WORK TASK
Your task is to give the listing below back word for word, pictures excluded.

SOURCE MATERIAL
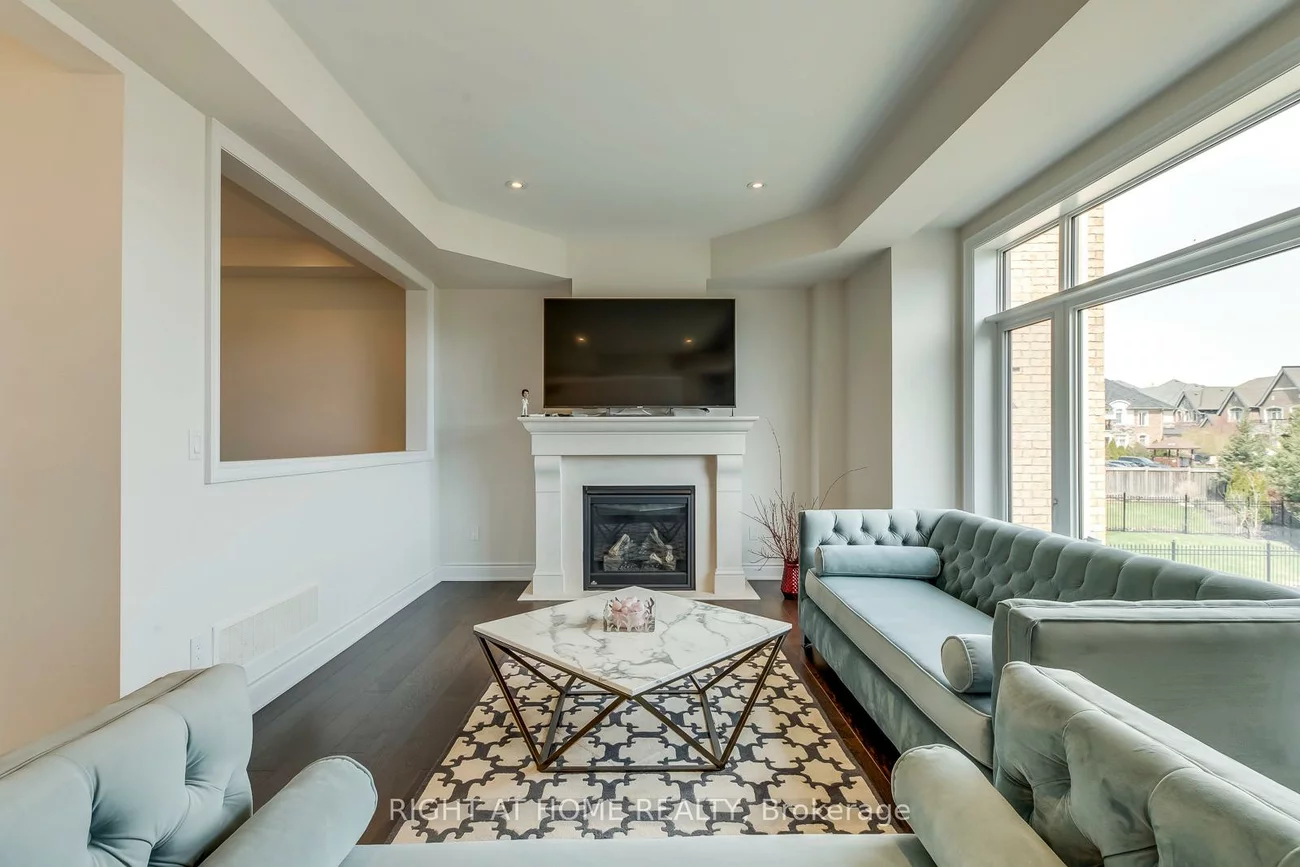 2441, Chateau, 1000 - BC Bronte Creek, Oakville
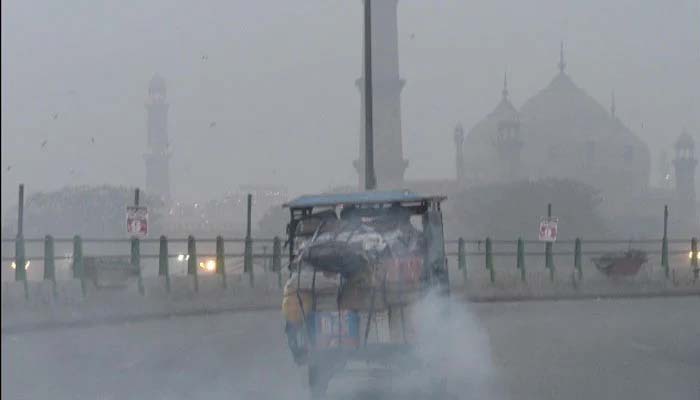 دھند کے باعث لاہور سے شیخوپورہ تک موٹر وے بند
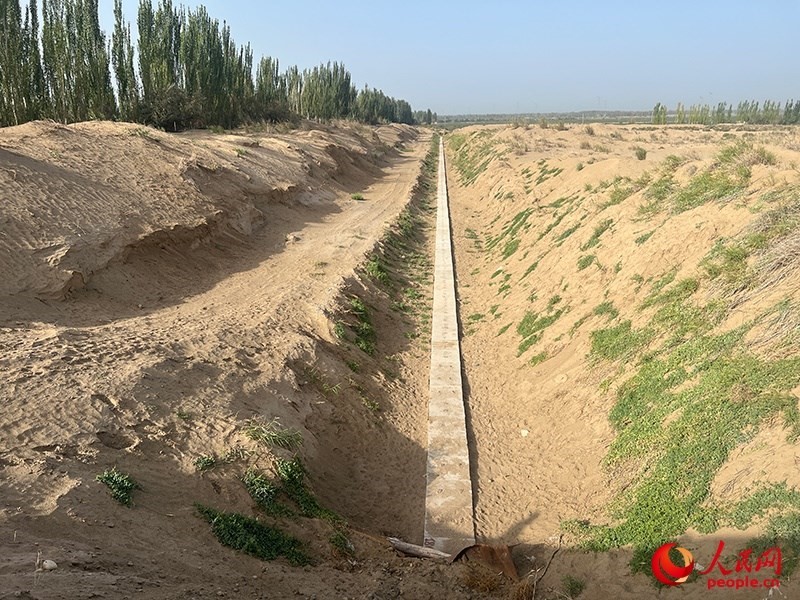 斗渠改造后，大大提高了輸水效率。人民網(wǎng)記者 常雪梅攝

RESULT OF THIS EXERCISE
 2441, Chateau, 1000 - BC Bronte Creek, Oakville
 دھند کے باعث لاہور سے شیخوپورہ تک موٹر وے بند
 斗渠改造后，大大提高了輸水效率。人民網(wǎng)記者 常雪梅攝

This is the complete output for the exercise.